A introdução do passe único avançada na última semana pelo Primeiro-Ministro, António Costa, é vista como uma janela de oportunidade para a alteração dos hábitos de mobilidade dos portugueses.

O Welectric entrevistou Fernando Nunes da Silva, antigo vereador da Mobilidade da Câmara de Lisboa, e Paula Teles, especialista em transportes e consultora de várias autarquias na área da mobilidade.

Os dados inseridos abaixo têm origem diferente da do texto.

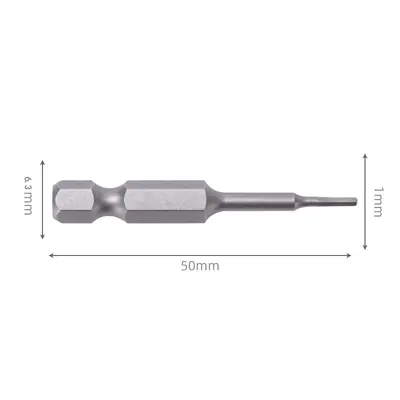 50 mm S2 H5 Hex Screwdriver Bit for Pneumatic and Electric Drills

Medida pode tornar transportes mais atrativos

Fernando Nunes da Silva, antigo vereador da Mobilidade da Câmara de Lisboa, entre 2009 e 2013, assume que se trata de “uma medida extremamente importante que chegou a ser discutida, quando estive na Câmara Municipal de Lisboa, quando António Costa era presidente do município”.

Fernando Nunes da Silva é licenciado em Engenharia Civil, no ramo de Urbanização e Transportes, pelo Instituto Superior Técnico, universidade pela qual também se doutorou. É uma referência nacional em termos de urbanismo e transportes, planeamento e gestão urbanística, mobilidade e desenvolvimento sustentável. Foi vereador com o pelouro da mobilidade na autarquia de Lisboa, durante quatro anos, quando António Costa era presidente da autarquia da capital.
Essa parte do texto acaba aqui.